October 08, 2008
Litvak to explore beauty in the art of Marc Chagall
The Clark University History Department will present "Death and the Maydl: Jewish Femininity and the Denial of Beauty in the Art of Marc Chagall," a talk by Olga Litvak, associate professor of history and the first incumbent of the Michael and Lisa Leffell Chair in Modern Jewish History at Clark. The event will take place at 7:30 p.m., Thursday, October 23, in Tilton Hall, 2nd floor of the Higgins University Center, 950 Main St., Worcester.
Litvak will explore perceptions of beauty in the work of acclaimed Belorussian Jewish artist Marc Chagall. Chagall’s work frequently featured images of Jewish women—particularly his first wife Bella—that allude to his romance with Jewish Eastern Europe. Professor Litvak raises the question, "Why does Chagall's beloved always look like a corpse?"
Despite their radical intimations of mortality, no criticism has ever attached to Chagall's ostensibly sacrosanct treatments of the Jewish female form. Litvak proposes to look at his images of Bella within the context of the avant-garde poetics of deformation and to assess the provocative role they played in the construction of the artist's personal Jewish mythology.

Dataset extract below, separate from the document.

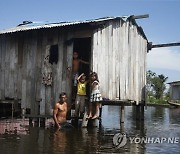 APTOPIX Brazil Amazon Flooding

Litvak joined the Clark faculty this fall. She previously served as director of the Center for Jewish Studies at University at Albany, State University of New York. She has written and lectured on a wide range of subjects related to the study of Russian Jewry, including urban violence, literary and artistic life, war, revolution and migration. The editor of the Painting and Sculpture section of the landmark YIVO Encyclopedia of Jews in Eastern Europe (Yale, 2008), Litvak has also been pursuing the study of Jewish participation in the making of modern Russian visual culture.